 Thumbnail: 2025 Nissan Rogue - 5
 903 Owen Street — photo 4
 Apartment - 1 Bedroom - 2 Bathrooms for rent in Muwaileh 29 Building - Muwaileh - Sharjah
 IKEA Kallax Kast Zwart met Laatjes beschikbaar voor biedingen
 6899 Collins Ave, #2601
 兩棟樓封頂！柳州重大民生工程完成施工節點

**EXERCISE OBJECTIVE**:
Set the data above down again in full, exactly as it reads.

**RESULT OF THE EXERCISE**:
 Thumbnail: 2025 Nissan Rogue - 5
 903 Owen Street — photo 4
 Apartment - 1 Bedroom - 2 Bathrooms for rent in Muwaileh 29 Building - Muwaileh - Sharjah
 IKEA Kallax Kast Zwart met Laatjes beschikbaar voor biedingen
 6899 Collins Ave, #2601
 兩棟樓封頂！柳州重大民生工程完成施工節點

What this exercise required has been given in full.